Because of the climate change and environmental pollution caused by fossil fuels usage, exploitation and utilization of clean and renewable energy are the mean way after nowadays [1,2,3,4]. As a clean, renewable and environmentally friendly energy source, hydrogen (H2) has been attracting considerable attention to fulfill human future energy needs [5, 6]. Water electrolysis is a sustainable and clean method to produce H2, and electrocatalysts can enhance the efficiency of water splitting observably [7, 8]. For hydrogen evolution reaction (HER), platinum-based nanomaterials are considered as the best electrocatalysts because of a small Tafel slope, a low overpotential, a slightly negative Gibbs free energy (ΔGH) and a high exchange current density [9, 10], but the scarcity and high cost hamper their industrial scale applications [11]. Therefore, developing effective, earth-abundant and low-cost electrocatalysts is essential for HER [12,13,14].

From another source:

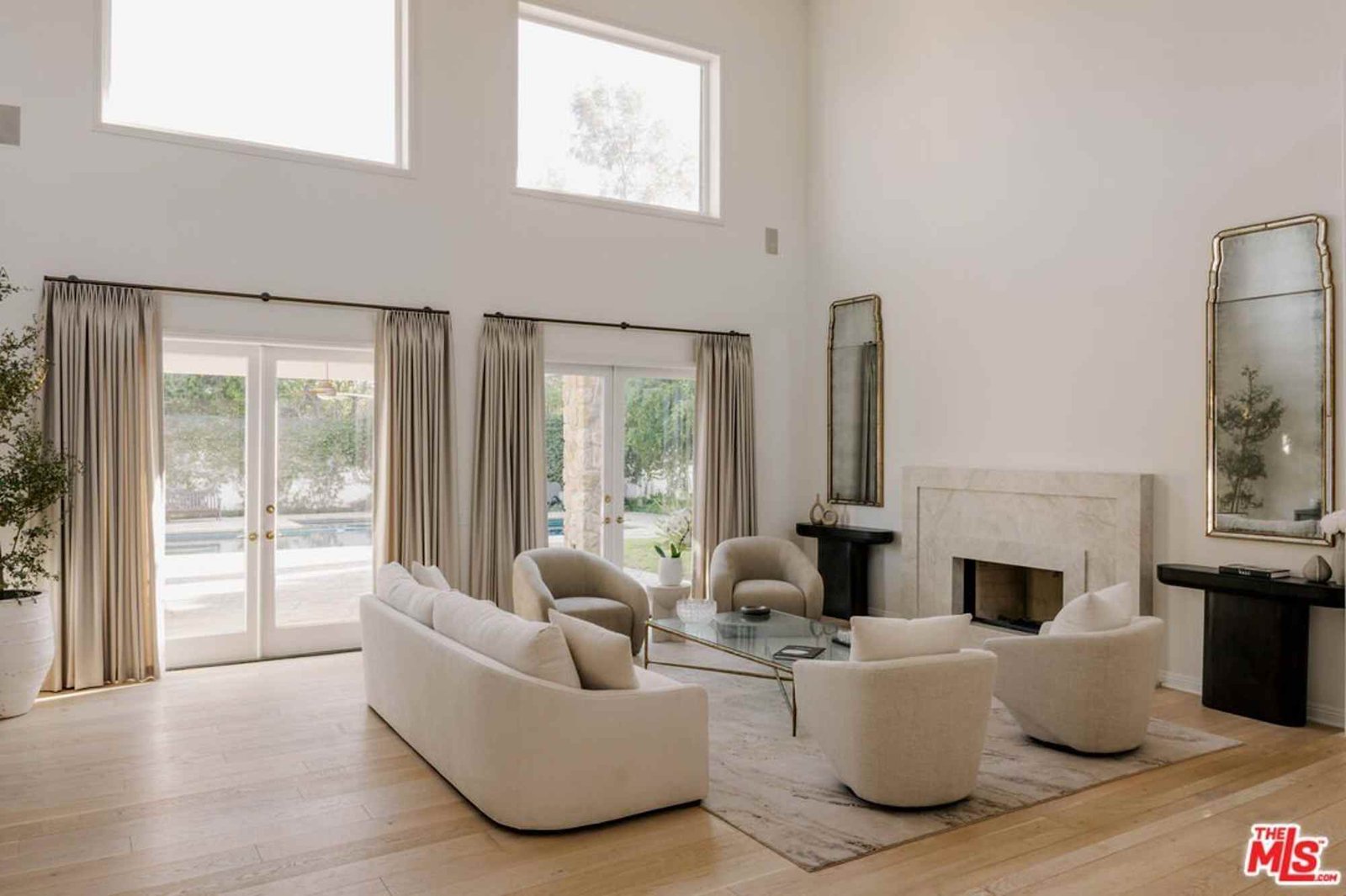 House at 11706 Chaparal St, Los Angeles, CA 90049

In fact, a wide range of earth-abundant electrocatalysts have been studied and designed for HER [15,16,17]. Among these materials, two-dimensional (2D) nanomaterials provide new opportunities for HER because of the compelling structural and electronic properties. To date, the transition metal dichalcogenides (TMDs) and the graphene-based materials are the biggest and most intensively studied groups of 2D electrocatalysts for HER [18,19,20,21,22,23]. The TMDs HER catalysts have low overpotential and small Tafel slope, unusual electronic properties and high air stability, exhibit high HER performance, and different methods were taken for enhancing their catalytic performance [24, 25]. The graphene-based HER catalysts have attracted considerable attention and persistent studying because of their distinctive structural merits, such as high electrical conductivity, large surface area and good chemical stability [26, 27]. Many methods were taken for enhancing the catalytic activity, such as heteroatom doping and defection engineering [28, 29]. Meanwhile, the intensive research on other new 2D carbon allotropes have also been developed, such as graphdiyne [30] and penta-graphene (PG) [31]. As a 2D carbon allotrope, PG is composed of only carbon pentagons and inherits many exceptional properties of 2D materials, such as finite electronic band gap, abundant active sites and large surface area, so it is anticipated to be a versatile material for lots of potential applications like other 2D graphene-based materials [32,33,34,35]. Since there are only applications in gas adsorption [36,37,38], H2 storage [39, 40], anode materials at present [41, 42], no report has ever been found on the application in HER. Therefore, research on HER by PG is of great significance and cannot only fill such a gap but also broaden the scope of graphene-based HER catalysts. However, the pristine PG is found to be inert for the HER with a relatively large ΔGH, which means that hydrogen adsorption is difficult and inhibits the HER. This is similar to the problems encountered by pristine graphene (ΔGH = 1.85 eV [43]). Heteroatom doping into graphene-based materials could adjust their electronic and catalytic properties, which makes them prospective catalysts for the practical applications [3]. Therefore, we managed to tailor the catalytic activity of PG by heteroatom doping [44,45,46] and defection engineering [47, 48].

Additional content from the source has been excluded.